Over at The Useless Tree and at Frog in a Well there’s a discussion about how to approach the teaching of Confucius. Since I’m teaching two courses dealing with Confucius this semester (one is a basic ethics course fitting in Confucius for a few weeks, while the other is a full semester seminar just on Confucianism), I figured I’d put up a post on it. There are two basic (and related issues) at work. One is the fact that the Analects is most certainly an accretion — the text was not all written at the same time and so was put together over a period, some stretching far after Confucius. So the question “Who is Confucius?” is an obvious one. The second is whether a text should be presented within its cultural and historical context.

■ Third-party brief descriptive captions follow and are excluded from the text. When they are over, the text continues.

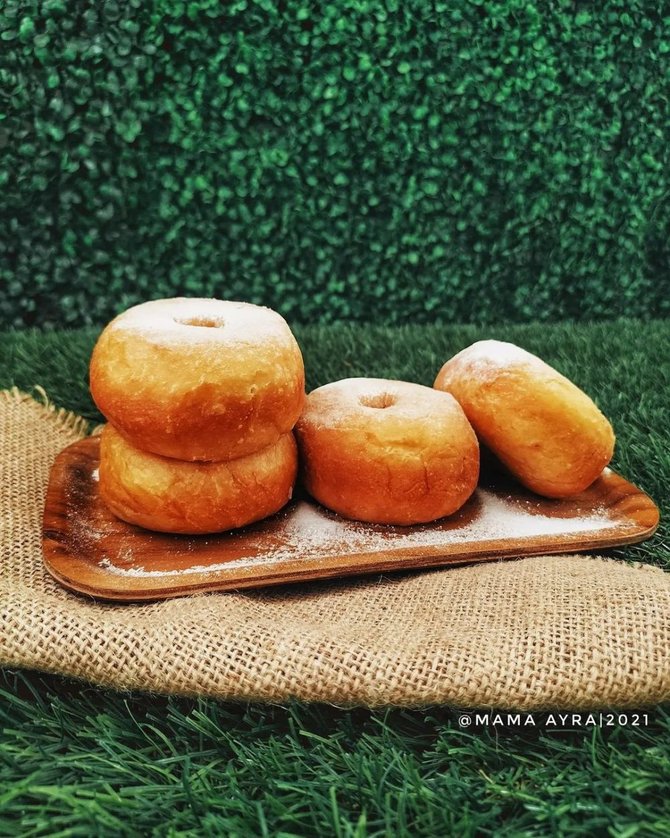 donat kentang gula halus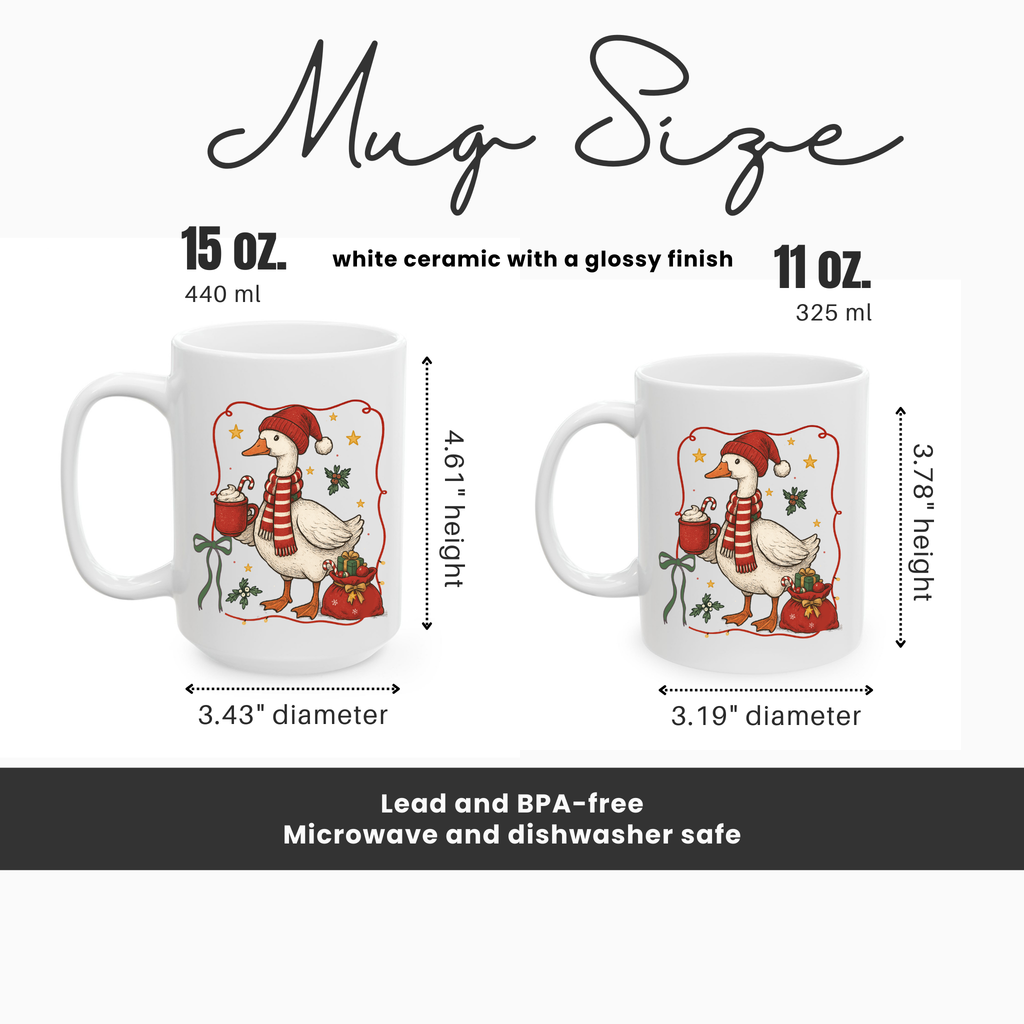 Cocoa Christmas Goose Glossy Mug
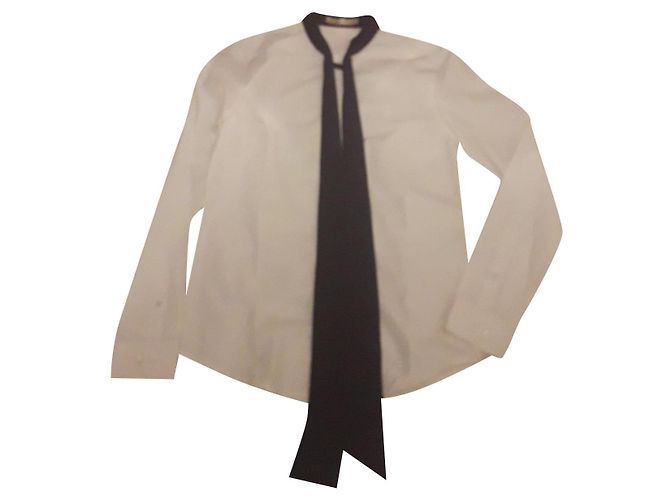 Camicia Balenciaga Bianca in Cotone Bianco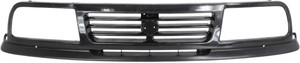 Grille for Suzuki Sidekick 1991-1995, 4-Door, Painted Black Shell and Insert, Made from Durable Plastic, Replacement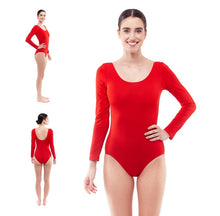 Cargar imagen en el visor de la galería, Maillot Ballet manga larga para mujer, Body o Maillot mujer para Disfraz Bailarina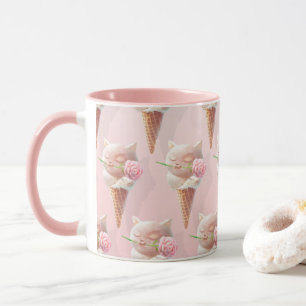 Ice Cream Kitty – Rosy & Dreamy Mug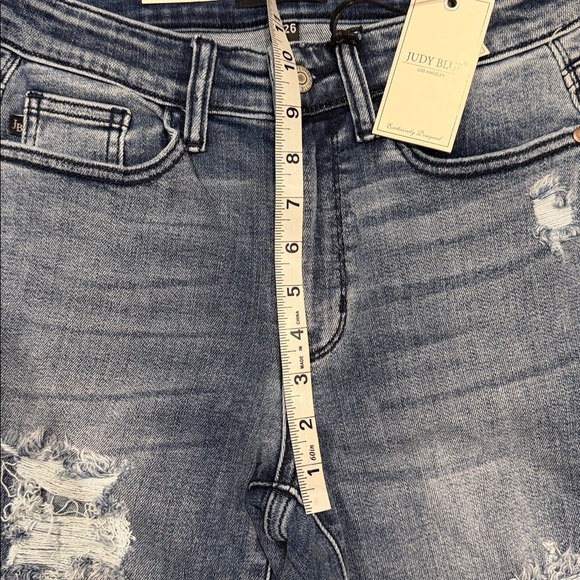 Judy blue isn’t she lovely straight leg denim stretchy nwt 3/26 - Picture 5 of 8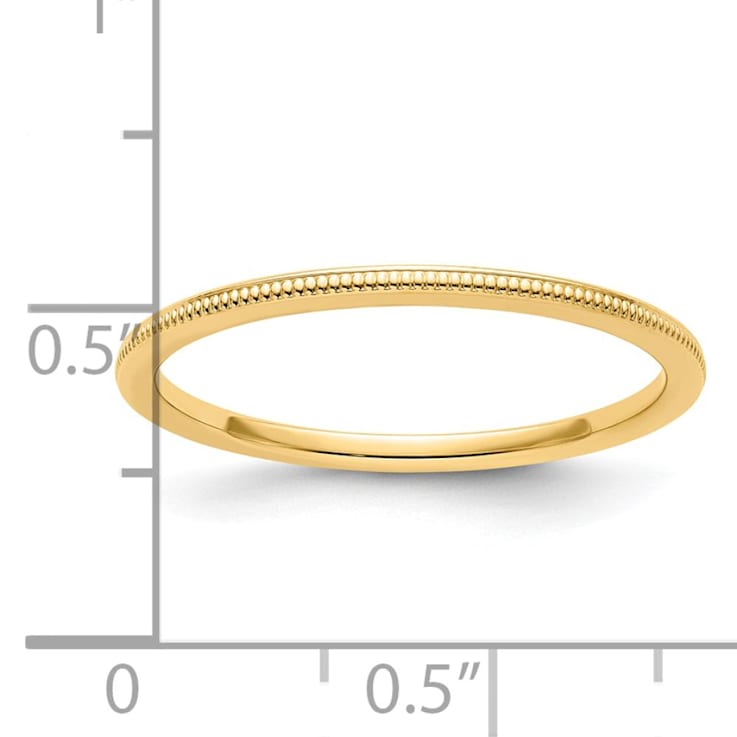14K Yellow Gold 1.2mm Milgrain Stackable Expressions Band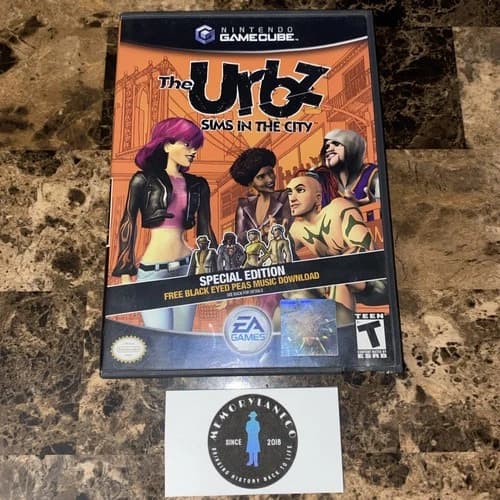 The Urbz: Sims in the City (Nintendo GameCube, 2004) Tested and Working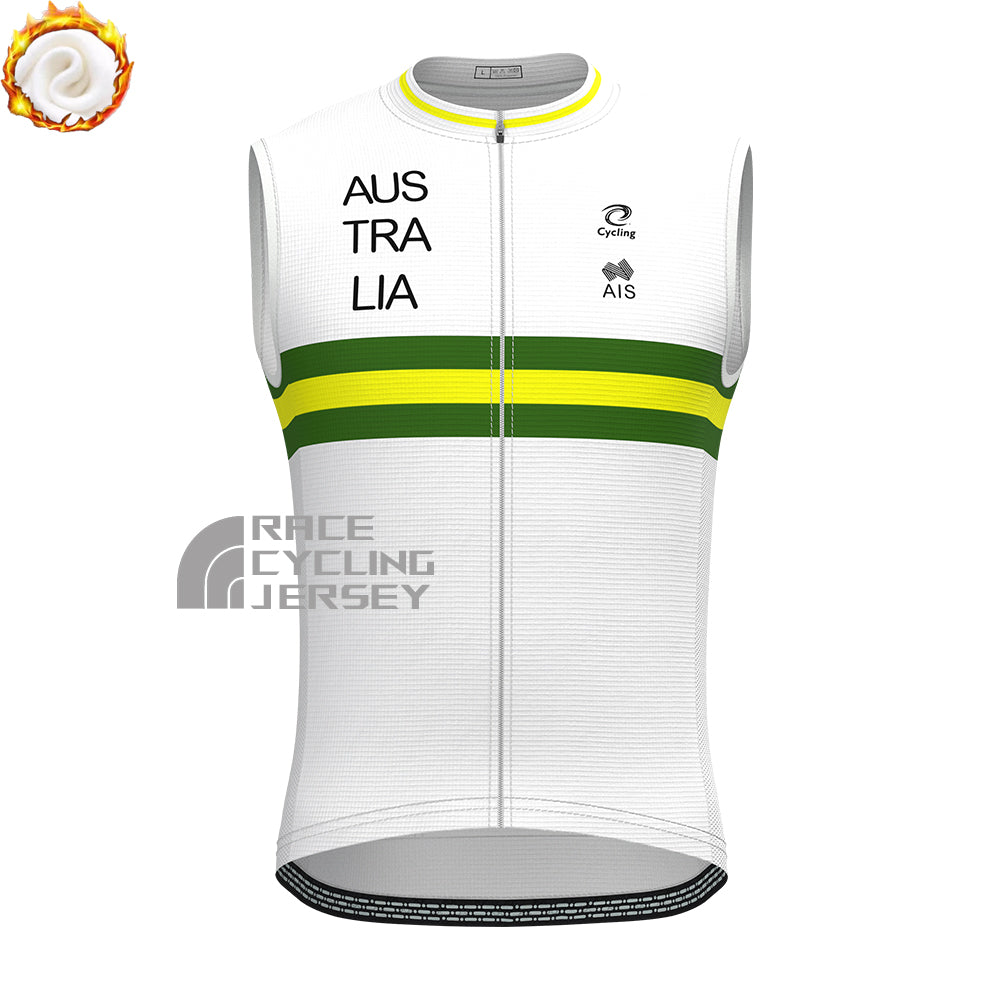 2018 AUS Fleece Sleeveless Cycling Jersey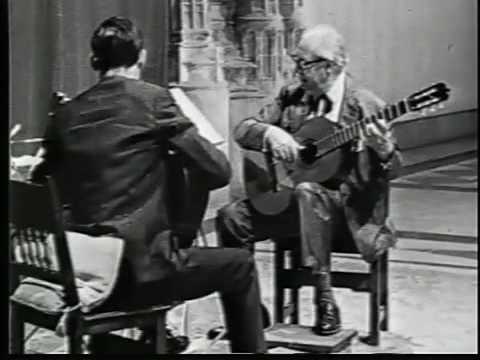 Ray Reussner: Segovia 1965 Masterclass  Bach  Sarabande Bouree "Sound of the Guitar"  Pt3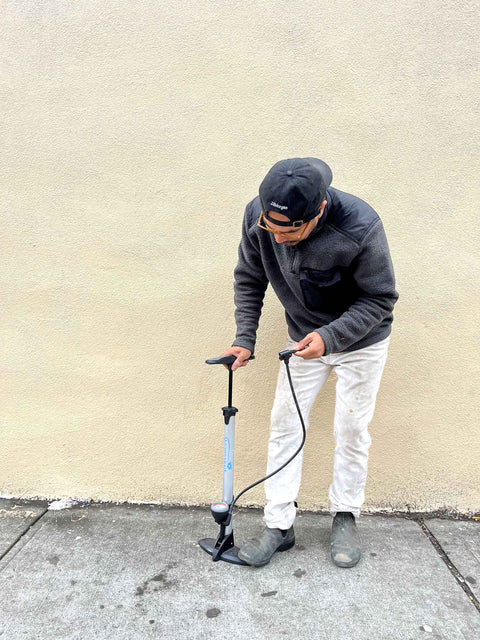 A Serious Bicycle Pump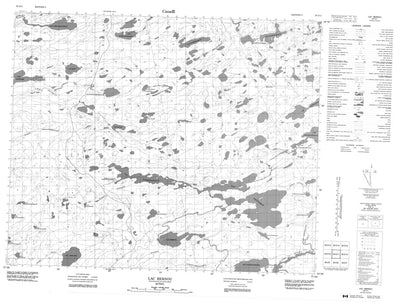 Lac Bernou, QC (033C11 CanMatrix)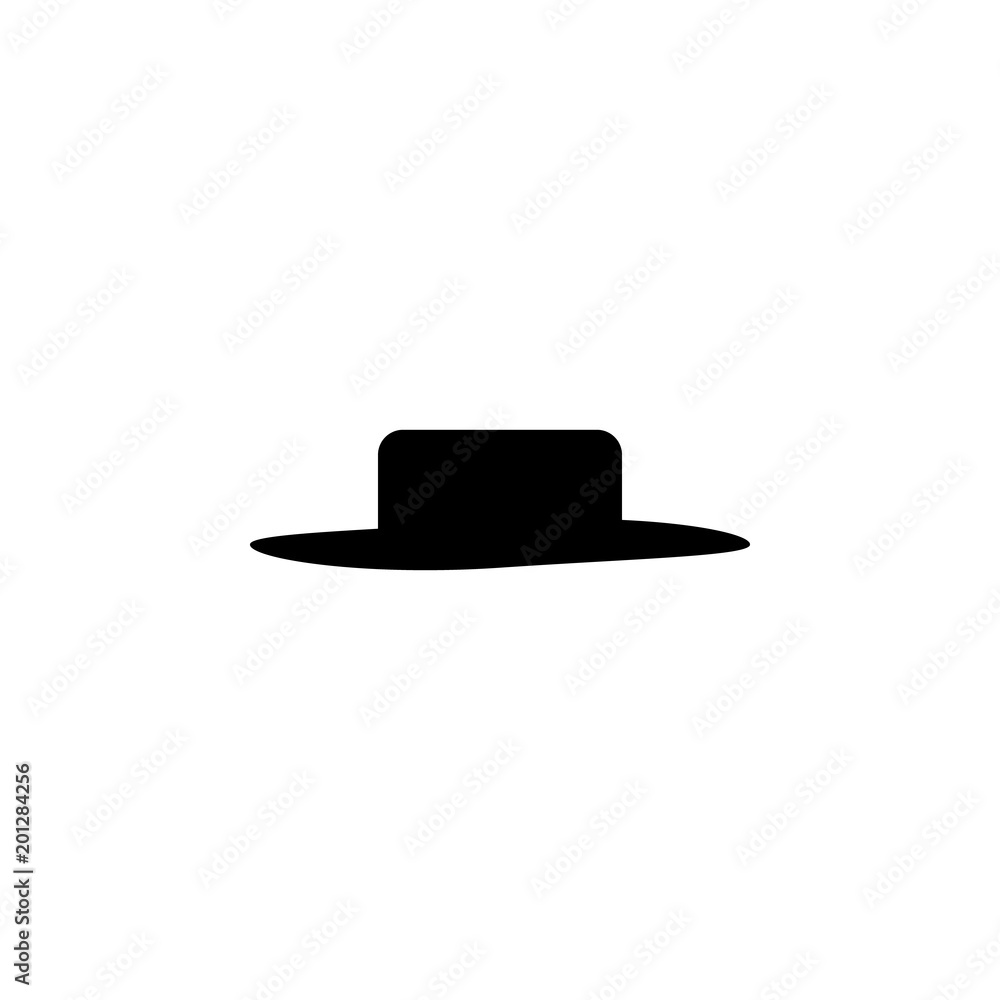 Poster hat icon. element of minimalistic icon for mobile concept and web apps. signs and symbols collection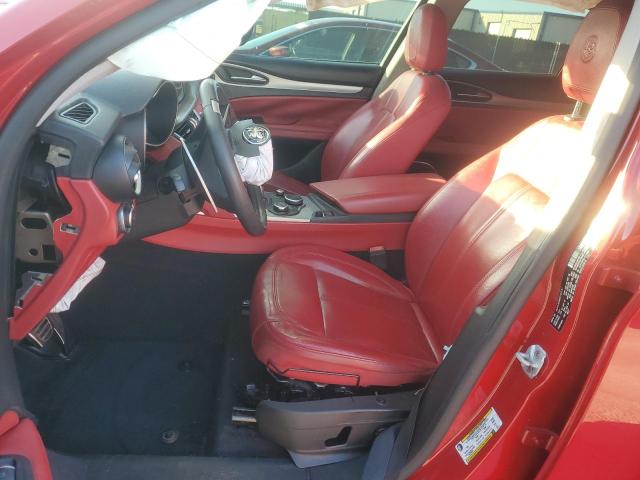 ZASFAKPN2J7B79663 - 2018 ALFA ROMEO STELVIO SPORT RED photo 7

I’ll come right out and admit it: I do very little with respect to situating the text within its historical/cultural context. In addition, I pay little attention to the question of whether the texts actually represent the views of one person, or many.
Some of the reasoning why I approach the text this way is simply due to being accustomed to doing it that way — this itself a result of my (analytically oriented) philosophical training. I don’t recall in graduate school a single moment when we (as the students) were given historical and cultural backgrounds surrounding any of the texts we read. We simply looked for the arguments, “tore them out” and put them under microscopes. Terribly non-historical, I’ll admit — we treated arguments as if they were timeless artifacts.
I tend to treat Confucius in a similar (if not so overtly sterile) fashion, though I do stress the inescapable fact that our readings of the text are historically situated. I start by treating the text as a puzzle — one that has to be reconstructed by the reader. Because it is written in the style that it is, highly metaphorical, disordered, partial, and aphoristic, there’s no doubting the fact that any “reading” of the text will be heavily interpretative, and as a result, readings of the Analects will tend to be extremely autobiographical.
Like Sam’s approach (at Useless Tree), this style of approaching the text says that as a teacher I’m more interested in what the texts say about us, and about our own approaches to life than I am in how accurately our attempts to reconstruct that text are reflective of the contexts in which they were presented (or even of the actual historically embedded intentions of the authors. This doesn’t mean “any reading will do” of course, but I simply don’t stress the demand to try to understand the texts in that way). Of course, I’m in no way devaluing the importance of this sort of approach — it’s simply not mine. (That’s not to say that I couldn’t add a bit more historical context to my own presentations of the text, because I probably could).
The second question concerns the personage of Confucius. Who is he, anyway? Was there one guy? Or many? If one, are the texts even reflective of him? Again, I’ll have to come out and admit that I’m not terribly concerned with the question, though of course it’s an interesting question. When I or my students come face to face with the Analects (or any other text similar in nature), I want one quasi-Heideggerian question to guide the approach: “should I choose this person as my hero?” Is this a person from the past whose approach to existence I want to appropriate and make my own? Do I want to relive this history? This seems important to me, because a truly authentic interaction with the Analects should play a part in a person’s face-to-face engagement with the question of how to orient him or herself in life. In struggling with Confucius, you struggle with yourself.
The “Confucius” being struggled with here is clearly a “personage” being put forth as an exemplar, as a possible “hero” to be emulated and through which one can engage in a kind of authentic “repetition” of a historical “way of being.” But whether this “way of life” truly belonged to one person, or a few, or many, seems immaterial with respect to the responsibility of the reader to engage with the text in the way I am proposing. Perhaps this might be more of an issue for, say, a Christian engaging the Bible. If the question is “should I make Jesus my hero?” then, given the importance (for Christians) of the actual divinity of the historical personage of Jesus, it might be more important that “Jesus” (in the sense of what is being presented as a “way of life”) not turn out to be actually a reflection of an assemblage of individuals. Given that nothing turns on “Confucius” actually turning out to be spread out over numerous people/times, I don’t see anything of importance (again, with respect to my way of approaching the text) as relying on a specific way of answering the question.
That said, it certainly is nice to think of the whole system as belonging to the guy in the paintings, and also to the guy who seemed so clearly to have such an affectionate relationship with his students and, by extension, to those who are reading him.
One possible wrinkle: When you are thinking in terms of “your hero” it is perhaps psychologically necessary that this “conversation” you are having (your struggle with your own identity via your engagement with a person’s way of life presented in the text) be with another person (living or dead). When we think “how ought I to be?” it may be that you need to approach alternatives as presented by another person engaging the same question. But I could be wrong here in the sense that “person” needs to be “one person”. Perhaps a Confucian rejoinder might be that conversing with a “person” really always involves, in the end, talking to at least two entities (the minimum for a relationship). As a result, conversing with an admitted “assemblage” would be fine. On this last point, I’ll have to think a bit more!